→ Your goal
Since the pictures are not wanted, retype the listing below exactly and without them.
◇ ◇ ◇ ◇ ◇ ◇ ◇
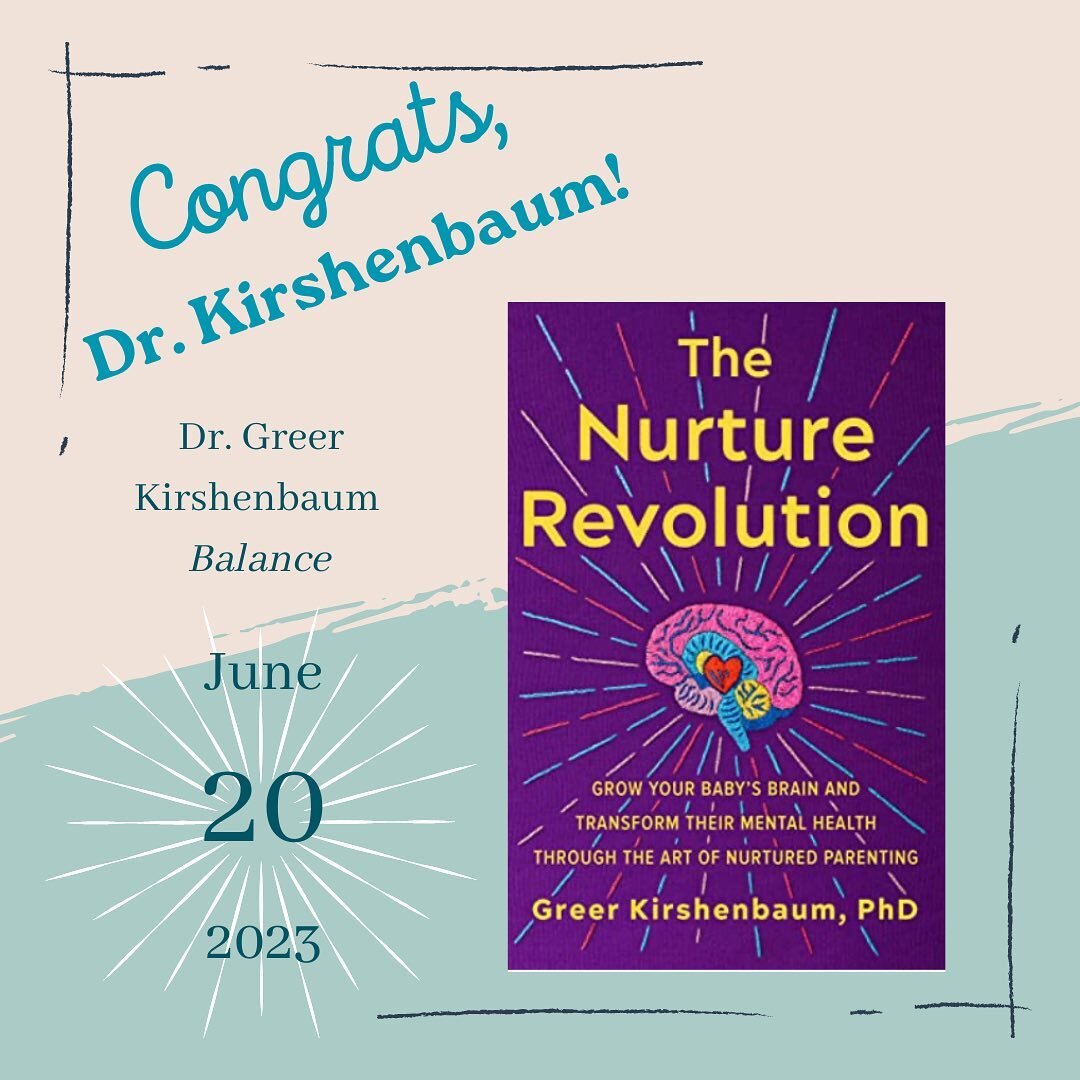 Congratulations to @nurture_neuroscience_parenting on her one-week pub day anniversary! 

We are so honored to have been a part of this important, essential journey. 

#litagent #bookpublishing #neuroscience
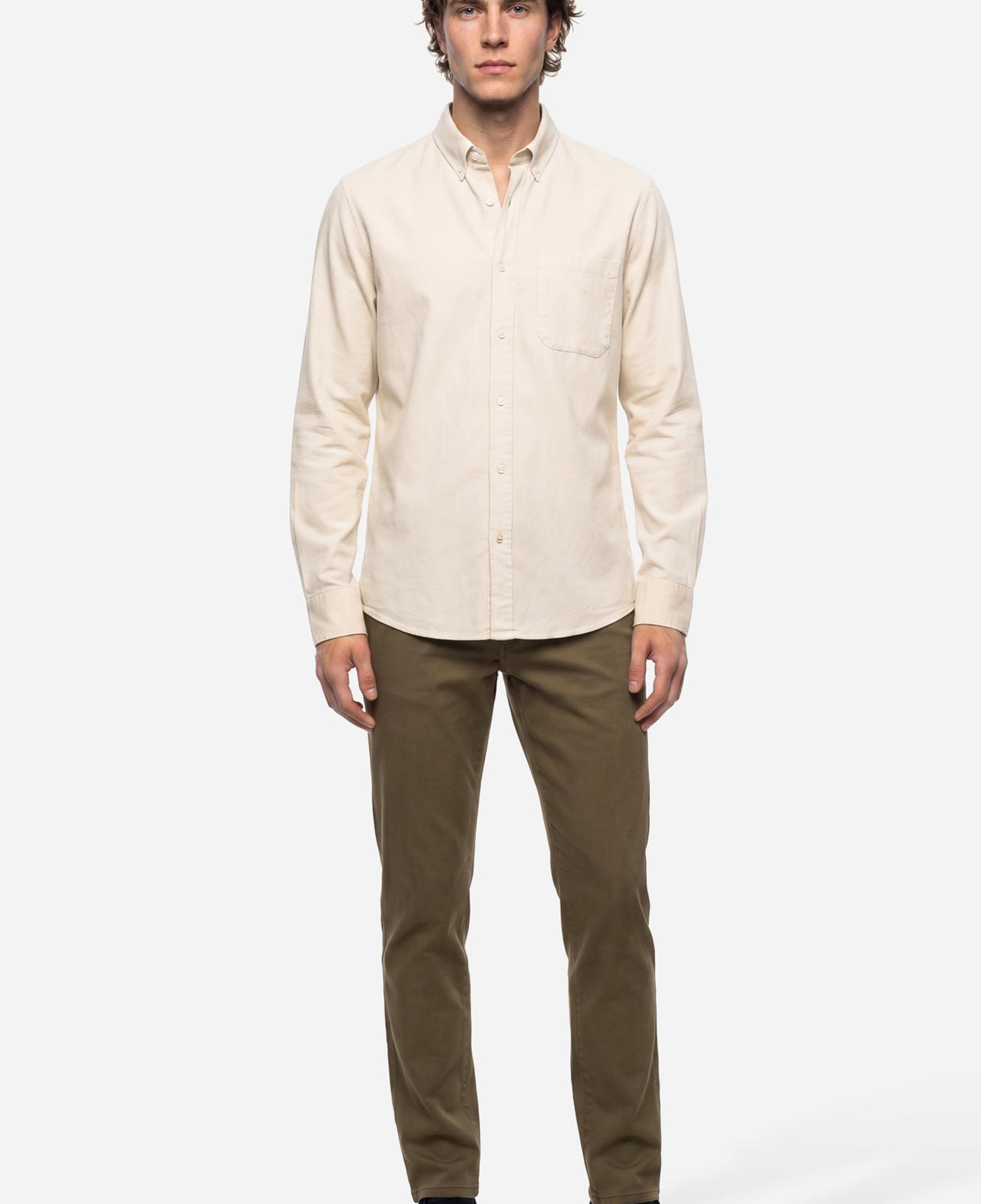 Erkek Kahverengi Slim Straight Fit Pantolon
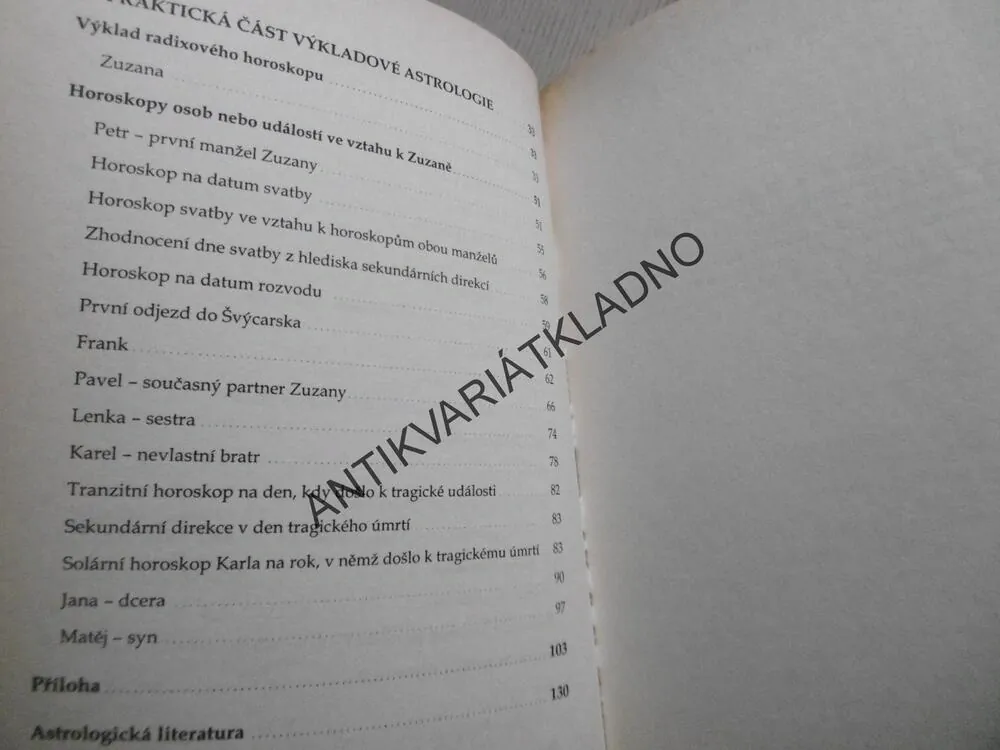 ASTROLOGIE V PRAXI, IDA MYSLIKOVJANOVÁ, **an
◇ ◇ ◇ ◇ ◇ ◇ ◇
→ Response box
 Congratulations to @nurture_neuroscience_parenting on her one-week pub day anniversary! 

We are so honored to have been a part of this important, essential journey. 

#litagent #bookpublishing #neuroscience
 Erkek Kahverengi Slim Straight Fit Pantolon
 ASTROLOGIE V PRAXI, IDA MYSLIKOVJANOVÁ, **an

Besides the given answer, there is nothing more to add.